Inside the Aux / Mute Gallery at the Portland Art Museum


AAtop the Portland Art Museum is a welcome explosion of color. The galleries on the fourth floor of the building, historically used as a paint shop then aher showcase for NOTwestern art, have been repainted in shocks of blue and red. NOTlisten to the stairs there is a false roof with neon sneakers sagging on an electric linene; tall windows refract a rainbow on the other side floor.

Since August, the space has housed the Aux / Mute Gallery, the latest in the museum’s partnership with local radio numberz. The two organizations bonded for the first time in 2019, when the station became part of PAM. Hank Willis Thomas exhibition, the organization of workshops and live broadcasts from the exhibition.
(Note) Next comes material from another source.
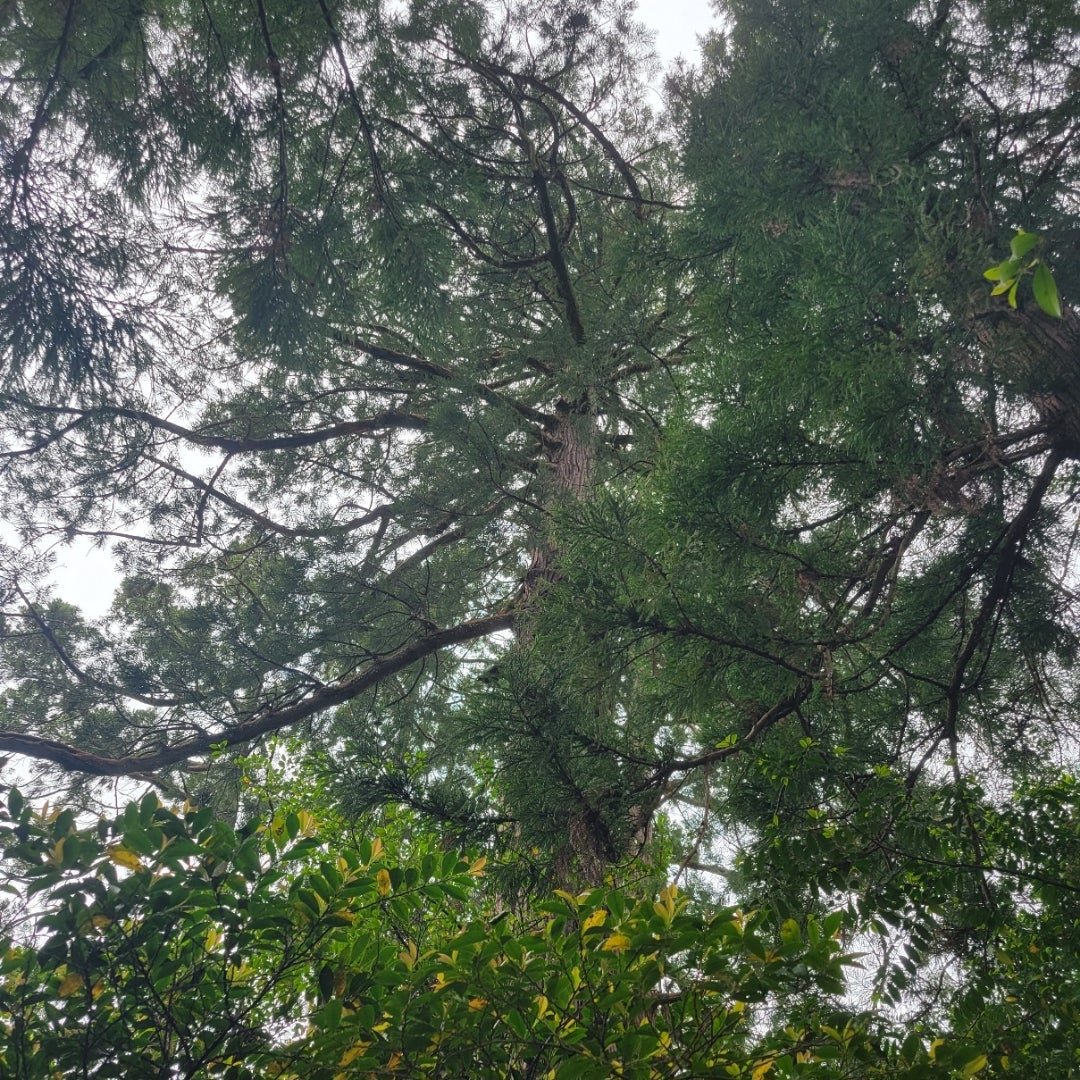 ⛩️ 금검궁(킨켄구) 이미지 8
That relationship continued through COVID, as the Numberz swelled in size and started outgrowing its cramped XRAY.FM facilities – and not particularly suited to pandemics. “[PAM] was like, ‘Well our galleries are closed,’ ”says DJ Ambush, Numberz de facto head, from the middle of the Aux / Mute gallery. “So we literally settled on the other side of that wall.”

The arrangement echoed a little-known part of MAP history: In 1941, the museum began hosting weekly radio talks from its sculpture garden, which became more comprehensive shows by the middle of the decade. With the support of RACC, Numberz began to rekindle PAM’s radio credit a long time ago by broadcasting interviews with elected officials and mural artists from the 2020 protests, live broadcasts and more.

Eventually, Ambush began pinning artwork around the new studio for inspiration: pieces from friends, a painting of his teenage daughter. “I texted him and I was like, ‘You have art at the Portland Art Museum,'” he recalls. “And she was like, ‘Oh, I guess that’s pretty cool. “” agreed Stephanie Parrish, director of learning and community partnerships at PAM. “Considering the museum’s history with radio and how social practice works, it seemed perfect to me to have the Numberz in space to conserve art and bring the community together. It’s kind of like, duh, ”she said.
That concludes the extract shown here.